Bibi blasted for ‘betraying’ Jewish unity

THE government in Jerusalem is being accused of sabotaging the Israel–Diaspora relationship, after it suspended plans for a grand mixed-gender prayer gallery at the Western Wall.

The Western Wall.
The Western Wall.

THE government in Jerusalem is being accused of sabotaging the Israel–Diaspora relationship, after it suspended plans for a grand mixed-gender prayer gallery at the Western Wall.

The Jewish Agency was so infuriated by this week’s cabinet decision that it cancelled a gala dinner with Prime Minister Benjamin Netanyahu, called on the government to reconsider, and took out full-page advertisements in a number of newspapers. Meanwhile, the Charedi parties in the coalition were chalking up a victory, happy that their pressure has caused a u-turn.
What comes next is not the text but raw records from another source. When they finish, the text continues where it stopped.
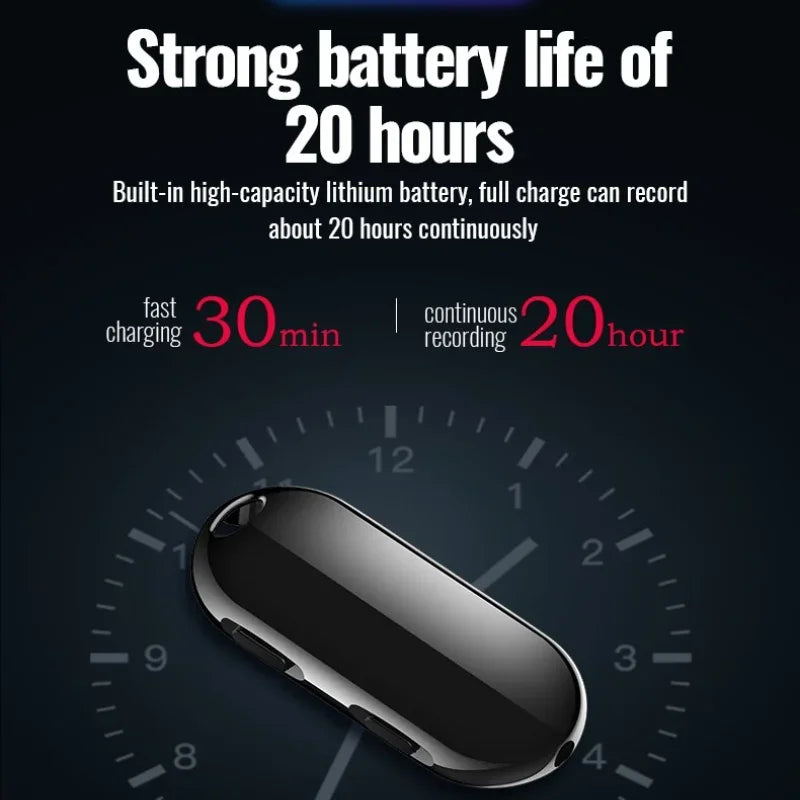Mini Pendant Voice Recorder – 20-Hour 4GB-32GB Digital Audio Recorder, Noise-Reducing USB Dictaphone & MP3 Player
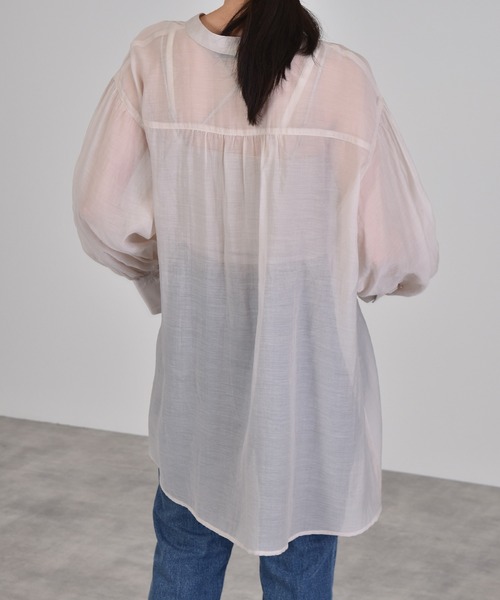 w closet（ダブルクローゼット）の「チャイナテイストシアーシャツ（シャツ/ブラウス・レディース・パープル/サックスブルー/グレイッシュベージュ・FREE）」の6枚目の写真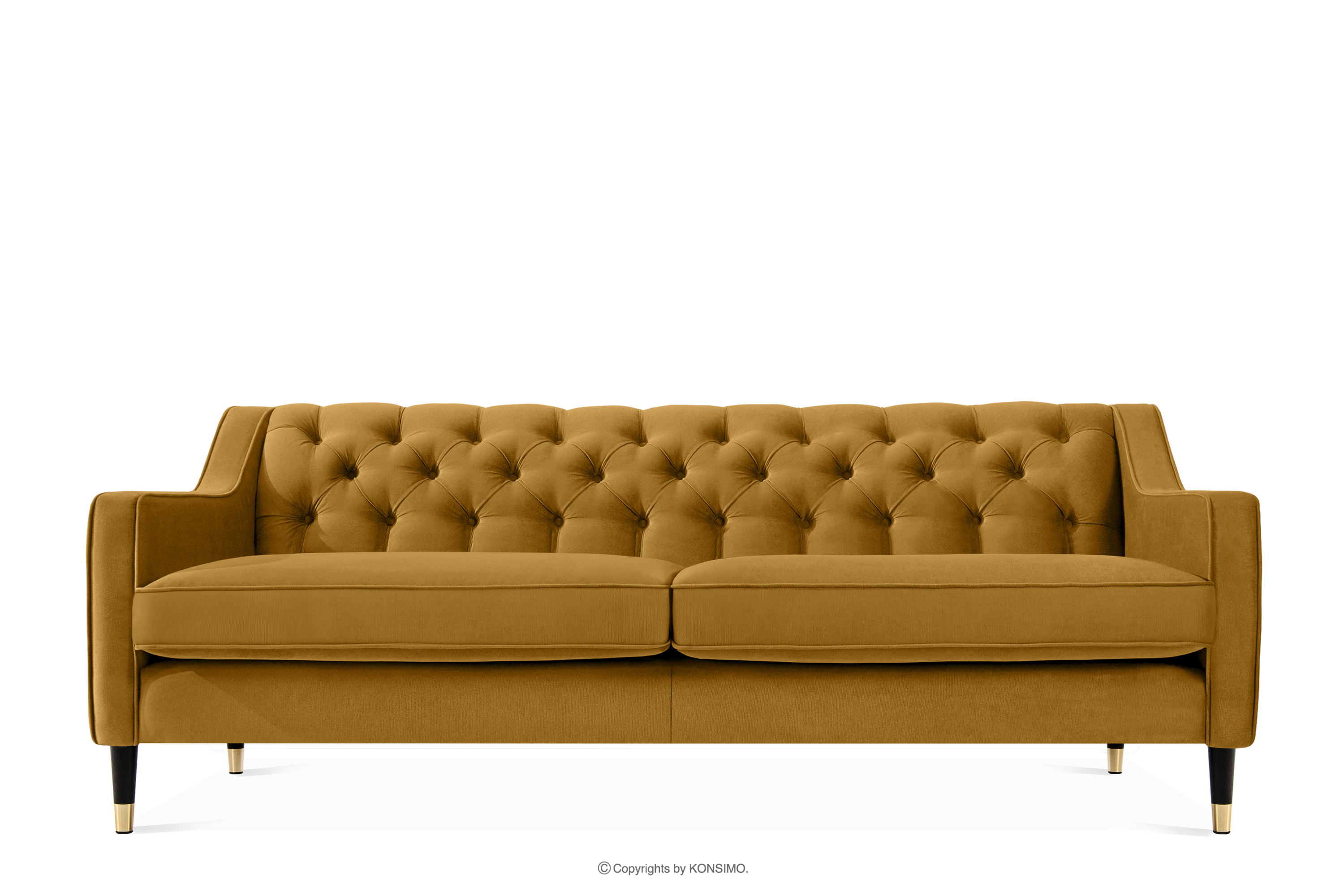 Elegancka sofa trzyosbowa welur z pikowaniem żółty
The Jewish Agency adverts said the decision “endangers” the unity of the Jewish people and “undermines” the Zionist vision of Israel serving all Jews. Natan Sharansky, the agency’s chairman and the architect of plans for the proposed new Kotel section, spoke of his “deep disappointment”. 

Even members of the government found it hard to play down the impact of the decision. Representatives of American Jewry “feel they were slapped in the face” by the decision, said Education Minister Naftali Bennett. On the opposition benches, Yair Lapid of Yesh Atid said: “For reasons of political survival, Prime Minister Benjamin Netanyahu has given up the most important of his titles: the prime minister of the Jewish people.” 

The Jewish Federations of North America said that the decision “will make our effort to bring Israel and the Jewish world closer together more difficult.” Rick Jacobs, president of the Union for Reform Judaism in North America, accused Israel of a “betrayal”. 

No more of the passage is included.